Week 15 – Loose Ends

Tackling Toxicity with Play

Week 15 – Loose Ends

This week was mostly about sharpening up any bits of the project that we still felt needed it. To ensure we were leaving the experience in a good place, we ran two tests this week, as opposed to the usual one.

Stress Test

The first test was explicitly a stress test. We determined that getting a premium ngrok subscription should allow us to connect up to 120 people within a minute. This has been an issue for us in playtests past, as with the basic subscription we can only connect around 20 people per minute. We invited as many people as we could get a hold of to the stress test to hopefully push the software as hard as we could. We ended up getting 37 concurrent viewers, more than any previous playtest. We gave them the code and had them all connect as simultaneously as possible. We were happy to see that the connection issues were nowhere to be seen.

Final Playtest

The second test was our final full playtest. Its purpose was simple. As stated above, we just wanted to make sure that there were no glaring or minor faults that we wanted to address before finalizing the project. All in all, the test went smoothly. Some minor display issues with the report cards cropped up but were easily handled. I’ll go over the last few iterations we made below.

Iterations

Research & Development

We got a good amount of feedback that the presentation got stale during periods of large walls of text – ie the research & development portions. To maintain some level of interest in the presentation, we added a video to replace pure text-reading. The video featured a new character in the experience – our R&D Lead, Stef!

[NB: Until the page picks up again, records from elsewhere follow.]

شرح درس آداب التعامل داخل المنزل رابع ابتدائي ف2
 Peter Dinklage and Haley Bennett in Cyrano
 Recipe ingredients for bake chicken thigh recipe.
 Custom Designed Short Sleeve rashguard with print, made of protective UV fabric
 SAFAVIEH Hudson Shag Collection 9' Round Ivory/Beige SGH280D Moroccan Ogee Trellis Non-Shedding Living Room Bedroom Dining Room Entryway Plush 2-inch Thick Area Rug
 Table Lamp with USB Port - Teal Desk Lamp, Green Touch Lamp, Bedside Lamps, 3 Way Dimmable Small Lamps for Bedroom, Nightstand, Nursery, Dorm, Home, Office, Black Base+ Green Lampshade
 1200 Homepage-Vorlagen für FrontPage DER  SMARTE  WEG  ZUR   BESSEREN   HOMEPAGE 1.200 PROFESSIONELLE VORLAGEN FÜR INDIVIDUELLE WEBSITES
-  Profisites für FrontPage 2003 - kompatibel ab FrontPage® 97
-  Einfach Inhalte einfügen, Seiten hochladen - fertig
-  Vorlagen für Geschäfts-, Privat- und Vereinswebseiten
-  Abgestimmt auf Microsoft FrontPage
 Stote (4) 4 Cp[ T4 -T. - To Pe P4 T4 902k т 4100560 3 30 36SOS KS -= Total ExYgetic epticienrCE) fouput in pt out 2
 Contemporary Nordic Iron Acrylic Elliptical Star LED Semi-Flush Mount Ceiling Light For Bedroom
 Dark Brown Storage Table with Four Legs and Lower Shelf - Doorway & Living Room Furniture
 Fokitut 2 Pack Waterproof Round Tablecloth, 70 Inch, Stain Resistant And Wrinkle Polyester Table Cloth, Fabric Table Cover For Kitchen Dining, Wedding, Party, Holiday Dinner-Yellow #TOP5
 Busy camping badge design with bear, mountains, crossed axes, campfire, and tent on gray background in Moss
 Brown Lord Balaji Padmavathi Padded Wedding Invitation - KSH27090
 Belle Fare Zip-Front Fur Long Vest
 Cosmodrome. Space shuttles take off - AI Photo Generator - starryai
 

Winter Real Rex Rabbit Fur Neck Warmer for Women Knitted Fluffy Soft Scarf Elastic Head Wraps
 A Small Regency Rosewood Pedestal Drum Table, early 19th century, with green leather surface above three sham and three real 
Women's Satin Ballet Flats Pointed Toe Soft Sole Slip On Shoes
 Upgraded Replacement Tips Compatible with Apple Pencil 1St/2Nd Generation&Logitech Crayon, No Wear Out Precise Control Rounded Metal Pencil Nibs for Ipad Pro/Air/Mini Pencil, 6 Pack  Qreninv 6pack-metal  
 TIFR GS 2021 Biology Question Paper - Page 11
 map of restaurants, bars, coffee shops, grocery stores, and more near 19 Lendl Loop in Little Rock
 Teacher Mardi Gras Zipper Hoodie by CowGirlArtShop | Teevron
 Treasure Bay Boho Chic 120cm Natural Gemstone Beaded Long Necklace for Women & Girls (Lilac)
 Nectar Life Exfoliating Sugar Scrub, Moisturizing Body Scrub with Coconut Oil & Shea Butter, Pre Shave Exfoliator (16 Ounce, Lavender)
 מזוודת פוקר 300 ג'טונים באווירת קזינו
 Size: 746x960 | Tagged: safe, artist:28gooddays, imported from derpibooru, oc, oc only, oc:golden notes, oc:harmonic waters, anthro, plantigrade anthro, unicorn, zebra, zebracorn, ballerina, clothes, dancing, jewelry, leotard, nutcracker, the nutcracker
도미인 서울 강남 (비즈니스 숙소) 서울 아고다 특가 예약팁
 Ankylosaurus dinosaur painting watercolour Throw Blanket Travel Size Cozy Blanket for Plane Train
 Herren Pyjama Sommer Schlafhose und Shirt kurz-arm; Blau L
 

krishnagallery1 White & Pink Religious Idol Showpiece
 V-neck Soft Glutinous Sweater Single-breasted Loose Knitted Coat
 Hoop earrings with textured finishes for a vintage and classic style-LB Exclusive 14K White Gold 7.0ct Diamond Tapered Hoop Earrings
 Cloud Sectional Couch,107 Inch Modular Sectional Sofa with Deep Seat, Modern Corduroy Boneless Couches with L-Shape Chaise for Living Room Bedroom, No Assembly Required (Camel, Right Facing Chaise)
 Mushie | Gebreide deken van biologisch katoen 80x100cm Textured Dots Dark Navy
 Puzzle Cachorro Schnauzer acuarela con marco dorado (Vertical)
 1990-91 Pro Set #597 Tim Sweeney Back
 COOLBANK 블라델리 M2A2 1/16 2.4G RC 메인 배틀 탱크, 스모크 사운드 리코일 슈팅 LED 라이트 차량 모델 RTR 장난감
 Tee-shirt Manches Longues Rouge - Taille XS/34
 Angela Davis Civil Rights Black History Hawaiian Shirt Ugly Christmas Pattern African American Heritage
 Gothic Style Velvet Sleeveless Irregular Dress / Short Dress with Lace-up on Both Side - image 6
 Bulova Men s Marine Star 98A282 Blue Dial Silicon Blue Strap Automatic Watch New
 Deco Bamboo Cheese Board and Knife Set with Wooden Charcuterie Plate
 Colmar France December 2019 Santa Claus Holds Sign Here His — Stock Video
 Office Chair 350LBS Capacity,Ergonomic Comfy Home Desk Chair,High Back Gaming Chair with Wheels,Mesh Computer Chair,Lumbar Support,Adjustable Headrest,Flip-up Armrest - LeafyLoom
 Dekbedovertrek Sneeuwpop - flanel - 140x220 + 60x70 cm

We are happy with how this turned out, injecting a bit of fun and further building the fiction of our performance.

Report Cards

We iterated on the appearance of the report cards. Originally they were somewhat dry and simply delivered information. After some fine-tuning, the communal report cards have pretty graphs and visual flourishes. These, along with the personalized report cards on each phone, went over well on our final playtest survey.

Lottery Results Delay

The final iteration this week, other than the customary weekly bug fixes, is adding a delay to the lottery results. That is to say, originally as soon as the Wheel stopped spinning we would send the results out to everyone’s phones. However, Twitch streaming has an inherent delay. This meant that phones were receiving the results “before” the wheel stopped spinning from their perspective. This was fixed by adding a very simple ~6 second delay on sending the results.